*** RECORD EXCERPTS Section Begins ***

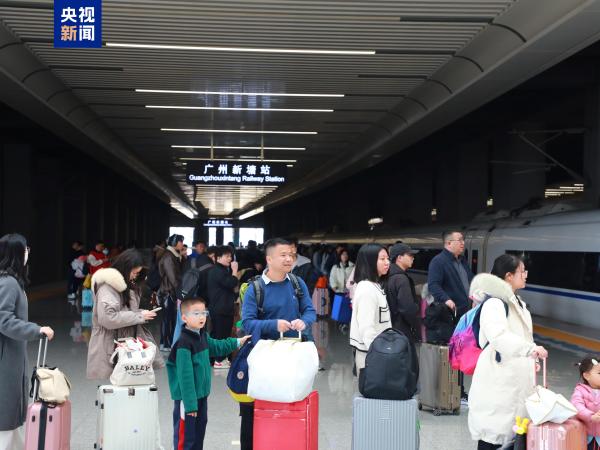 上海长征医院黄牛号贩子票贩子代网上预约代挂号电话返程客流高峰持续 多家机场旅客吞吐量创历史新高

*** RECORD EXCERPTS Section Ends ***
*** RECORD EXCERPTS Section Begins ***

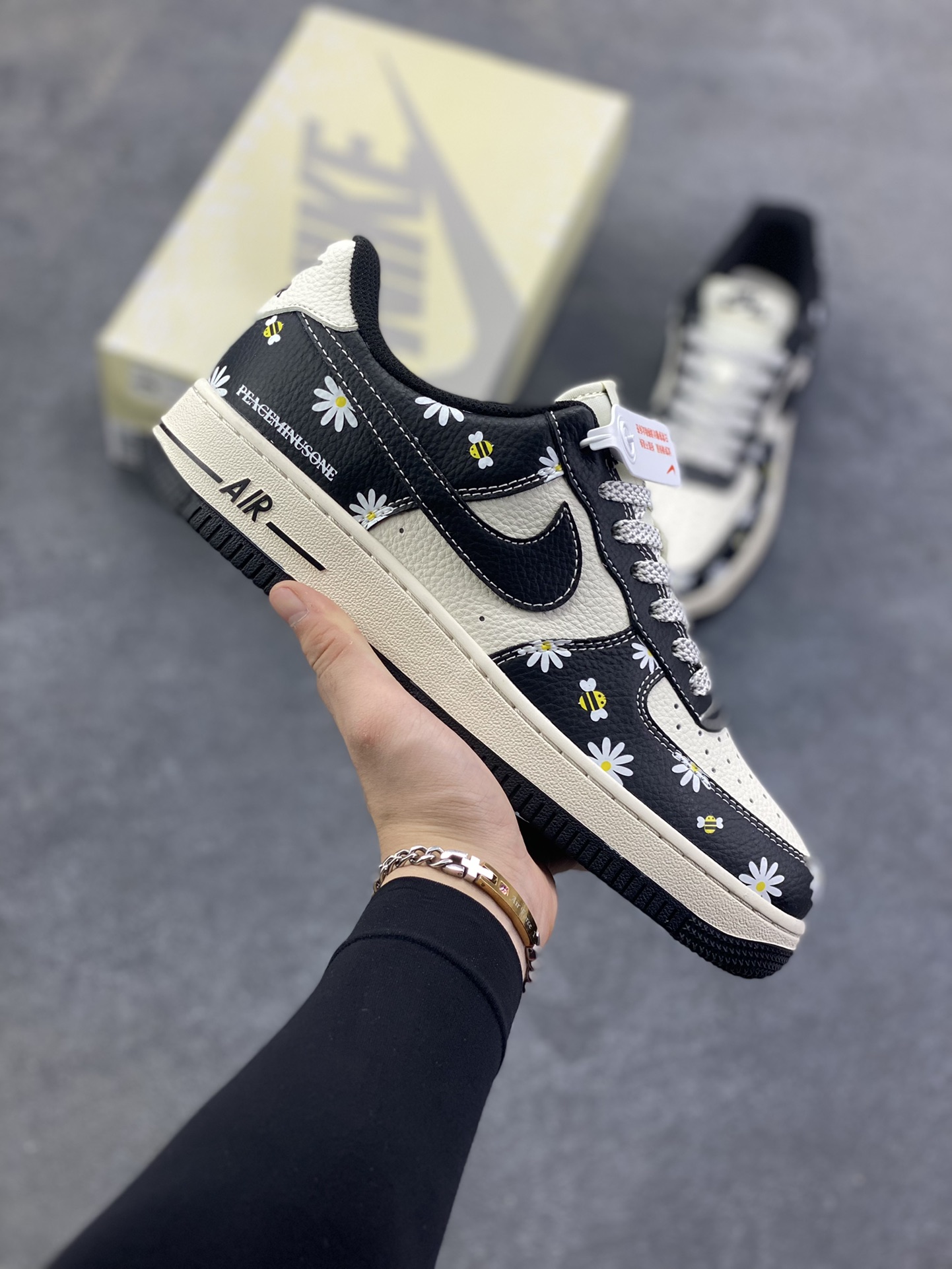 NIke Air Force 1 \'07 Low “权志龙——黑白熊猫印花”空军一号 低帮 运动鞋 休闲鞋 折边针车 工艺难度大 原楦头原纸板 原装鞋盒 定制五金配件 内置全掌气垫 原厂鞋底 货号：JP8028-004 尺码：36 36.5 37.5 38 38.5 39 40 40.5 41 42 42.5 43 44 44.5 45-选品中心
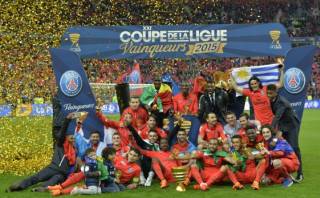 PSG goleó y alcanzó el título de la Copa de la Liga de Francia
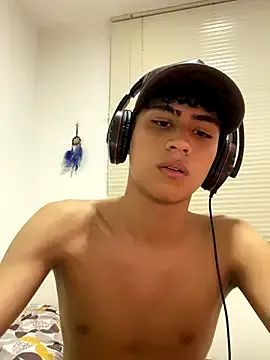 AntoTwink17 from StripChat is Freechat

*** RECORD EXCERPTS Section Ends ***

> YOUR INSTRUCTIONS: Repeat exactly the lines above, from the line that contains "NIke Air Force" down through the line that contains "AntoTwink17 from StripChat is Freechat". Include both of those lines and none of the pictures.

> TASK OUTPUT:
 NIke Air Force 1 \'07 Low “权志龙——黑白熊猫印花”空军一号 低帮 运动鞋 休闲鞋 折边针车 工艺难度大 原楦头原纸板 原装鞋盒 定制五金配件 内置全掌气垫 原厂鞋底 货号：JP8028-004 尺码：36 36.5 37.5 38 38.5 39 40 40.5 41 42 42.5 43 44 44.5 45-选品中心
 PSG goleó y alcanzó el título de la Copa de la Liga de Francia
 AntoTwink17 from StripChat is Freechat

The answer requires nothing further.